In 1956, after completing his ministerial education at the Colgate Rochester Crozer Divinity School upstate and at Yale University, Moody became the senior minister of Judson Memorial, where, he said, "I learned to drink." This, he said, was because trustees held their meetings in a bar.

This is a big year for the church. Along with its new minister, it has a newly renovated sanctuary (still without pews, which were removed in the '60s to make room for arts activities).

Included in the multimillion-dollar facelift, partly financed by selling two back lots to NYU, was restoring the 14 stained-glass windows designed by the 19th century American master, John LaFarge. The church has the largest collection of LaFarge windows in the world.

Schaper, a United Church of Christ minister by affiliation and New Yorker by birth, was minister of the Congregational Church in Coral Gables, Fla., before taking over the pulpit at Judson Memorial. She was formally installed in March.
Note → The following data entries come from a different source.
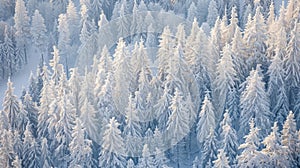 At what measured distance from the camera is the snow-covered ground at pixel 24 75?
3905 inches

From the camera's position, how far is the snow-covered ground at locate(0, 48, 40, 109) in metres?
99.2

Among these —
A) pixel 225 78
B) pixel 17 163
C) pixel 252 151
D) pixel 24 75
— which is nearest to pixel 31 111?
pixel 17 163

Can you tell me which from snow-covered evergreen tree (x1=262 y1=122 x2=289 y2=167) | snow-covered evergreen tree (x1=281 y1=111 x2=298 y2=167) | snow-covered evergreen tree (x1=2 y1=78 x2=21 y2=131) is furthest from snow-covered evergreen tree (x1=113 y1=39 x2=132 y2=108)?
snow-covered evergreen tree (x1=281 y1=111 x2=298 y2=167)

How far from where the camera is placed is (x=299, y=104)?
69312mm

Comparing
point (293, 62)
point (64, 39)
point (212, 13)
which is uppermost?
point (212, 13)

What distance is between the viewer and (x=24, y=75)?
4048 inches

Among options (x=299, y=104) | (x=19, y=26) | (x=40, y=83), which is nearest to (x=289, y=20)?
(x=299, y=104)

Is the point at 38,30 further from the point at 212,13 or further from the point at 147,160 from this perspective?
A: the point at 147,160

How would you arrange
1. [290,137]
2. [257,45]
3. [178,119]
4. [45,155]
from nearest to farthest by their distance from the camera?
[290,137]
[178,119]
[45,155]
[257,45]

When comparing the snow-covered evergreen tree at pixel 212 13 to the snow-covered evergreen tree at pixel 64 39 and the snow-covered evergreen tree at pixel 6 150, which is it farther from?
the snow-covered evergreen tree at pixel 6 150

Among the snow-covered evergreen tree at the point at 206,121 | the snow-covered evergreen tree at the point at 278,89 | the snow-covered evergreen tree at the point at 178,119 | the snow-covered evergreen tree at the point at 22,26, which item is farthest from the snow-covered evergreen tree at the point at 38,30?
the snow-covered evergreen tree at the point at 278,89

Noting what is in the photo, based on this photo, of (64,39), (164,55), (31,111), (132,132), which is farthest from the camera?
(64,39)

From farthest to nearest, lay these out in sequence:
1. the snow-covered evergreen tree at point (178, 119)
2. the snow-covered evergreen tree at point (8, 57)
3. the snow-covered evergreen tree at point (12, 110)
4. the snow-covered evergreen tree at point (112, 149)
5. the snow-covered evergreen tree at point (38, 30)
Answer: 1. the snow-covered evergreen tree at point (38, 30)
2. the snow-covered evergreen tree at point (8, 57)
3. the snow-covered evergreen tree at point (12, 110)
4. the snow-covered evergreen tree at point (178, 119)
5. the snow-covered evergreen tree at point (112, 149)

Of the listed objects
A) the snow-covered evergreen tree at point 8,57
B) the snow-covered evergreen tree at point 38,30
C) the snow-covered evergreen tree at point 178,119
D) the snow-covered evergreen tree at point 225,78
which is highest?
the snow-covered evergreen tree at point 38,30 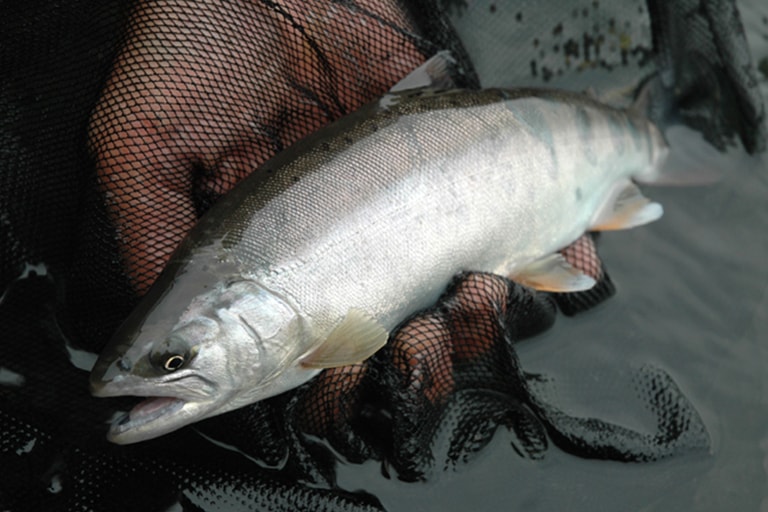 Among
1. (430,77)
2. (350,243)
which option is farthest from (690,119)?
(350,243)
She has been deeply involved in social justice issues for years, and last Sunday, after Moody spoke, she made her own commitment to Judson Memorial's activist agenda.

"I'm so new here that I squeak," she said, "but I intend to act as a ferocious trustee of everything this church stands for and does."

Originally published on May 6, 2006

Source: http://www.nydailynews.com/boroughs/story/415183p-350879c.html

3 comments:

Dennis E. McFadden said...

Glenn,

I first met Howard at a MMBB sponsored set of sensitivity sessions held at the 475 Riverside Dr. (the building shared between MMBB and the NCC) back in the 80s. Howard has always been a liberal's liberal and the darling of MMBB. While he was quite affable towards me, he treated me like a creature from a time warp for holding the traditional view of human sexuality.

pjerwin said...

It appears that Burrough [i]Daily News[/i]’ weekly religion and the spirituality writer Bill Bell could use a bit of a history lesson when writing about American Baptist history: “…referring to the liberal American Baptist Church, which, until it changed its name in 1972, was known as the Northern Baptist Convention.” The liberal Northern Baptist Convention changed its name in 1950 to the “American Baptist [b]Convention[/b]” which subsequently changed its name in 1972 the “American Baptist [b]Church[u]es[/u][/b], U.S.A.”

pjerwin said...

Oops, I appear to have used the wrong tags! Sorry.

It appears that Burrough Daily News’ weekly religion and the spirituality writer Bill Bell could use a bit of a history lesson when writing about American Baptist history: “…referring to the liberal American Baptist Church, which, until it changed its name in 1972, was known as the Northern Baptist Convention.” The liberal Northern Baptist Convention changed its name in 1950 to the “American Baptist Convention” which subsequently changed its name in 1972 the “American Baptist Churches, U.S.A.”